Scatology 101

I started this project on the premise of making a Hitchhiker's Guide to the Galaxy blog for an American Studies class. I know it doesn't really make sense but it did in my proposal.
When I started talking to fellow students (most of whom are 15 years younger), I discovered that most of them have not read the book, and have seen the movie. Most of them thought the movie sucked. Well, It got me pondering over the state of culture, literature and film. What I decided is; if American culture (responsible for Hollywood) was more open to reading, more receptive to reading things from other cultures, and more responsive to international film, not only would less crap come out of Hollywood, but less good stuff would be turned into cultural diarrhea. And thus I present to you the answer without knowing the question..

Thursday, December 10, 2009

The Road I Avoid

Anyone who knows anything about my literary preferences knows about my problem with Cormac McCarthy. There are very few authors that bring me into severe panic and depression upon the mention of their name, McCarthy along with Virgina Woolf are a couple.

So, when I came across this article in Time magazine yesterday I nearly fainted.

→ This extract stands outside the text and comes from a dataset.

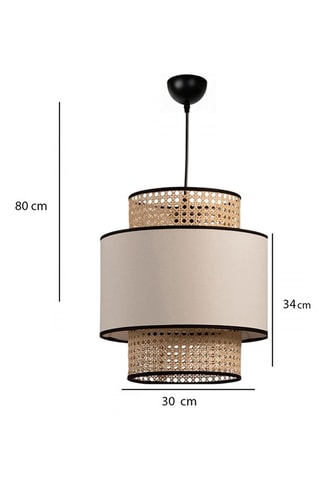 Candeeiro suspenso em rotim -  Preto e bege - 60 W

God thing I was close to the Counseling Center when I read it. It is a review of the new movie The Road based on a novel by McCarthy. Of course it's supposedly a very good film and does the book justice according to Steven James Snyder, author for Techland.com ( http://techland.com/2009/11/25/john-hillcoat-the-director-who-confronted-embraced-and-survived-the-road/ ) . But before you get all excited and go buy a ticket to see this let me just tell you I totally agree with Mary Pols from Time magazine when she asks "How do you lure people to a movie made from a book that itself probably should have borne a mental-health warning from the surgeon general?" Let me insert a little more of her article

The Man and his son, the Boy (Kodi Smit-McPhee), a child of perhaps 11, raised in a postcivilized era in which a lone can of Coca-Cola is a treasure, encounter no miraculously budding tree in the wasted landscape, no fish jumping from a dead ocean. The best they get is a rheumy-eyed old man (the great Robert Duvall) who considers death a luxury. Bands of cannibals rule the land, favoring children as meals. It's hopeless except for, as in McCarthy's book, the driving force of the narrative: a father's fierce devotion to his child. "The child is the warrant," Mortensen tells us in voice-over, the only reason for being.
If you can handle this, I suggest you go see the movie and them come tell me about it. Ill be hovering in the corner with a bottle of xanax blowing my nose all over Blood Meridian. .. Keep your friends close and your enemies as kleenex.

1 comment:

  1. So Bruce, are you saying you didn't like the movie?